# Need to replace the beater with something newer, Audi, Bmw, Acura, Infiniti ? ?



## AB (Jan 11, 2002)

AF-RX8 said:


> LOL ... I know I was totally kidding around because a lot of people on the board call their extra car a beater :rofl:
> 
> I can't resist throwing some humor in a thread ... it keeps it fun :thumbup:


You crack me up, Alan 

My wife had lunch with a friend of hers who has a Cayenne. She said she drove in it and said it was nice, and she wouldn't mind having one of those. "Maybe we can test drive one just for fun" she asked.


----------



## PhilH (Jun 7, 2002)

Even though I think I've got the list of your cars straight, I've lost track of which one is the current "beater". Let's see...it's not the RX-8, you just got the Allroad, so I guess it's the XC90 that's going?

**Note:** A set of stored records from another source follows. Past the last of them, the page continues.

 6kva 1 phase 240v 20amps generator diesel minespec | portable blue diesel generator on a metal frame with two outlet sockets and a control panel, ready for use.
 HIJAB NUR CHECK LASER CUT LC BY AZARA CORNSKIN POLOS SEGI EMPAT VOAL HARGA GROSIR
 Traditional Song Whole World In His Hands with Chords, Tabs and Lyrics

Or is this a fourth car? :yikes:

Damn, I always knew insurance was a ripoff...


----------



## AF (Dec 21, 2001)

PhilH said:


> Even though I think I've got the list of your cars straight, I've lost track of which one is the current "beater". Let's see...it's not the RX-8, you just got the Allroad, so I guess it's the XC90 that's going? Or is this a fourth car? :yikes:
> 
> Damn, I always knew insurance was a ripoff...

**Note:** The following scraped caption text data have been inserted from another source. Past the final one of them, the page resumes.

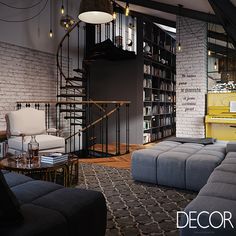 a living room filled with furniture and a spiral stair case next to a bookshelf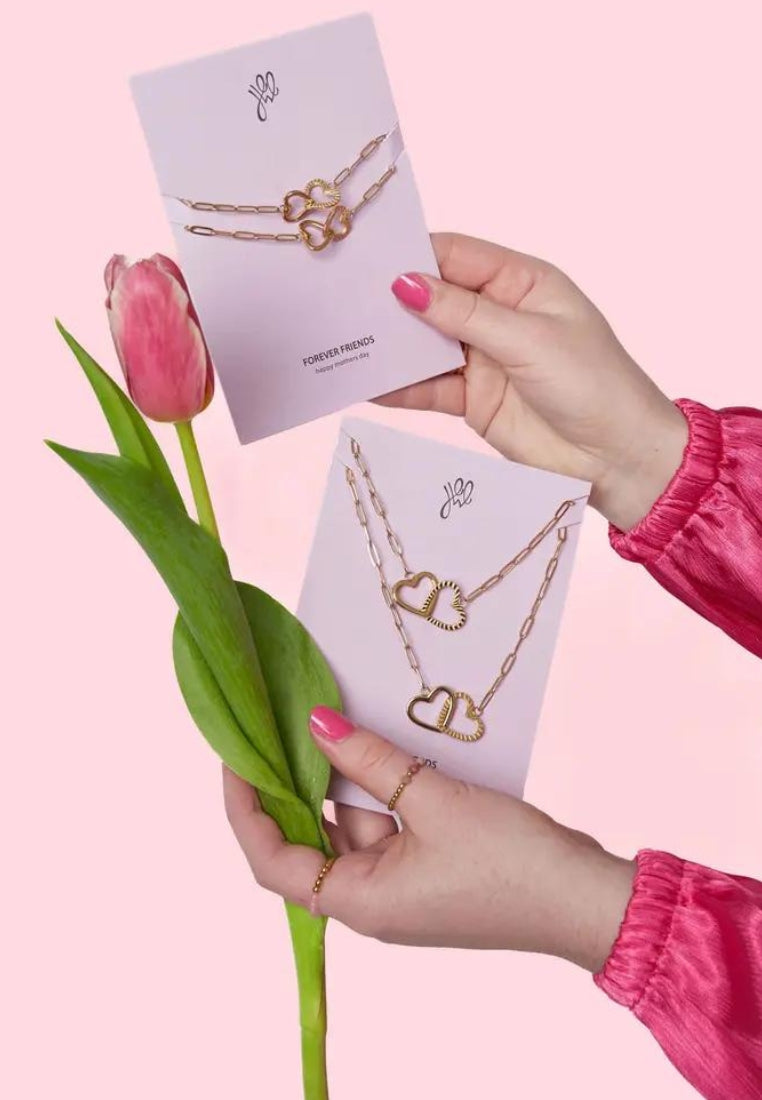 Set collier verbonden hartje - moederdag
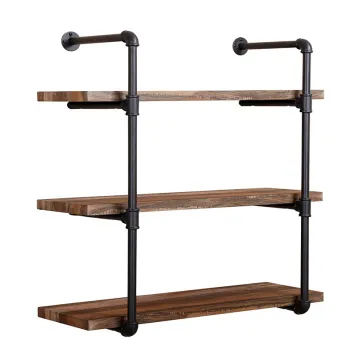 Pipe BookShelf Bracket Vintage Retro Black Shelving Bookcase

LMAO ... that's a good one Phil :thumbup:

It would be the Allroad (the XC90 just turned 1 yr old) ... as much as I love the Allroad the warranty is coming due in March and I really don't want to keep it out of warranty.


----------



## AF (Dec 21, 2001)

MrAirbags said:


> You crack me up, Alan
> 
> My wife had lunch with a friend of hers who has a Cayenne. She said she drove in it and said it was nice, and she wouldn't mind having one of those. "Maybe we can test drive one just for fun" she asked.

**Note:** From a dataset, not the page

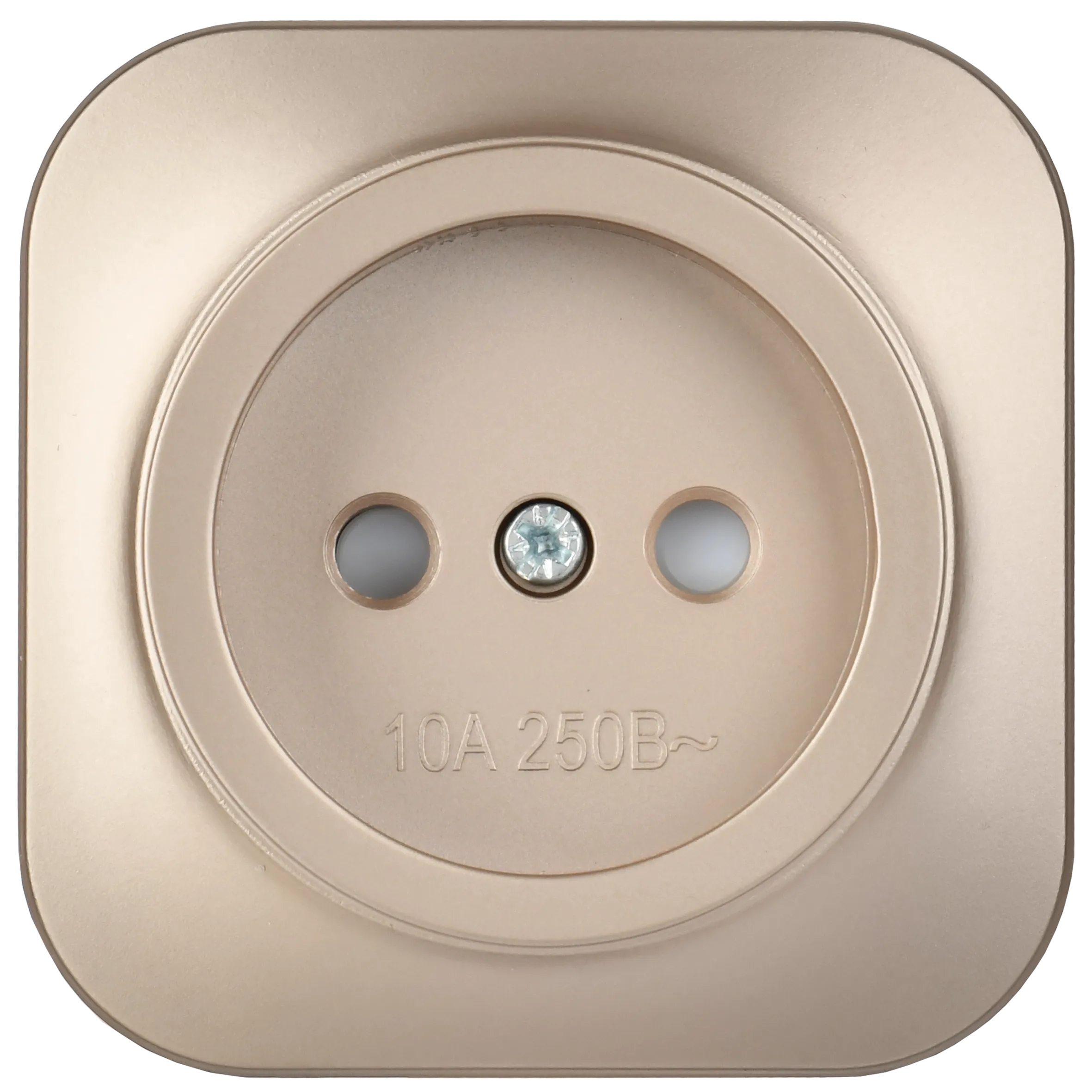 GLORY Розетка 1-местная для открытой установки без заземления с защитными шторками 10А РСш20-2-ХШм шампань матовый IEK - Фото 5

Ryan, what color are you going to get  (You know your going to end up with one )


----------



## AF (Dec 21, 2001)

talk about coincidence ... one of the guys in my office happens to have a G35 sedan loaner and I took it for a nice spirited ride... I don't know why but this car just doesn't do it for me. I can't place my finger on it but I don't get that excited feeling I get fom other cars ... The car has very tight steering, handles great, feels flingable and is incredibly fast ... would you beleive it chirps the tires when shifting from 1st to 2nd at around 5000 rpm (under redline) and this is an automatic

Anyway I can almost safely say I don't want one


----------



## AB (Jan 11, 2002)

AF-RX8 said:


> Ryan, what color are you going to get  (You know your going to end up with one )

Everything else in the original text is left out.